Mr. Ubiñas has extensive experience in business management and operations from his experience currently
overseeing the more than $10 billion in assets and over $500 million in annual giving by the Ford Foundation. In
addition, through his prior consulting experience, he has worked with technology, telecommunications and media
companies in understanding the challenges and opportunities that they face. Based on these experiences,
qualifications and attributes, the Board has concluded that Mr. Ubiñas is qualified to serve as a director.
DIRECTOR INDEPENDENCE
Our Board has determined that each of our non-employee directors (other than Mr. Probst) qualifies as an
“independent director” as that term is used in the NASDAQ Stock Market Rules. Mr. Probst, who served as our
CEO through the end of fiscal 2007, and Mr. Riccitiello, our current CEO, do not qualify as independent. In
September 2011, Mr. Probst will be eligible to be deemed an independent director by our Board. The NASDAQ
Marketplace Rules have both objective tests and a subjective test for determining who is an “independent
director.” The objective tests state, for example and among other things, that a director is not considered
independent if he or she is an employee of the Company or at any time during the past three years was employed
by the Company. The subjective test states that an independent director must be a person who lacks a relationship
that, in the opinion of the Board, would interfere with the exercise of independent judgment in carrying out the
responsibilities of a director. The Board has not established categorical standards or guidelines to make these
subjective determinations, but considers all relevant facts and circumstances.

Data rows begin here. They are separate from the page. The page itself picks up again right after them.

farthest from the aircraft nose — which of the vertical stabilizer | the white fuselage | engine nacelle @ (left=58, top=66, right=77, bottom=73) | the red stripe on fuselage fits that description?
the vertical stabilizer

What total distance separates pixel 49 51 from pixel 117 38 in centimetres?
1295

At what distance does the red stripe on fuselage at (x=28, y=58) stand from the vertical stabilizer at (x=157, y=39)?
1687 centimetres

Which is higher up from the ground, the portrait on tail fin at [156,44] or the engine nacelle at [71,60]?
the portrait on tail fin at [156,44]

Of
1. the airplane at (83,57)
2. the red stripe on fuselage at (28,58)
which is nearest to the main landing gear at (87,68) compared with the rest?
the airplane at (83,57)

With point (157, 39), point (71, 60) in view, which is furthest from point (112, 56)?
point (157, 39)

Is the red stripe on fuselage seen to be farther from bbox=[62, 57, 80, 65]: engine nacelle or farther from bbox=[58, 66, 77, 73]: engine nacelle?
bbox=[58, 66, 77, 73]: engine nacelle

In addition to the board-level standards for director independence, the directors who serve on the Audit
Committee each satisfy standards established by the SEC providing that to qualify as “independent” for the
purposes of membership on that Committee, members of audit committees may not accept directly or indirectly
any consulting, advisory, or other compensatory fee from the Company other than their director compensation.

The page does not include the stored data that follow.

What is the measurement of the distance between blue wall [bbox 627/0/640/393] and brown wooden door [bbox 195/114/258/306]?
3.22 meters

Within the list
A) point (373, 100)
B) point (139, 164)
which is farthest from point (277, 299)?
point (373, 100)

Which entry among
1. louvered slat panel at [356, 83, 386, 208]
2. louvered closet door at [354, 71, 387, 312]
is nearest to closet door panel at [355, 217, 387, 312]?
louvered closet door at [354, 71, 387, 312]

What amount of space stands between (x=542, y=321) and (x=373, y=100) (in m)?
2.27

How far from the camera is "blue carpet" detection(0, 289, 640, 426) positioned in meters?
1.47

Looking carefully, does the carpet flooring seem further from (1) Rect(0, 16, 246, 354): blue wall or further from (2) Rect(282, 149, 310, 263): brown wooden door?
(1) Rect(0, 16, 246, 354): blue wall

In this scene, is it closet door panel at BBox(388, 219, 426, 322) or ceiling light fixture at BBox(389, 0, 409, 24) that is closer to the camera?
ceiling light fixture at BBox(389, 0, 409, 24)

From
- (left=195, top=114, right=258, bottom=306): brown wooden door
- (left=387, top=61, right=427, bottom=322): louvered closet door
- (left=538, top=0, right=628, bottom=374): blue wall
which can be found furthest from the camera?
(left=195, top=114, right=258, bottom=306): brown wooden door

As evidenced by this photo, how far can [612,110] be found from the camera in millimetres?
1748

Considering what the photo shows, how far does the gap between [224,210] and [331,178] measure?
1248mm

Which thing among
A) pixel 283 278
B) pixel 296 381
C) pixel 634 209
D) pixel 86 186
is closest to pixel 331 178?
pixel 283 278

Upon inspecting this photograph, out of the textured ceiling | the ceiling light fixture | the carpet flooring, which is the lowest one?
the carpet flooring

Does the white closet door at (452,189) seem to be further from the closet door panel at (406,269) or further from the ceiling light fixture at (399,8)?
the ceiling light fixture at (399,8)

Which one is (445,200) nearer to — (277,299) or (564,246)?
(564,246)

BOARD, BOARD MEETINGS, AND COMMITTEES
The Board meets on a fixed schedule four times each year and also holds special meetings and acts by written
consent. In fiscal 2011, the Board met eight times and also acted by written consent. At each regularly scheduled
meeting, the independent members of the Board meet in executive session separately without management
present.
Board Leadership Structure
A Lead Director, elected by the independent directors, is responsible for chairing executive sessions of the Board
and other meetings of the Board in the absence of the Chairman of the Board, serving as a liaison between the
Chairman of the Board and the other independent directors, and overseeing the Board’s stockholder
communication policies and procedures (including, under appropriate circumstances, meeting with stockholders).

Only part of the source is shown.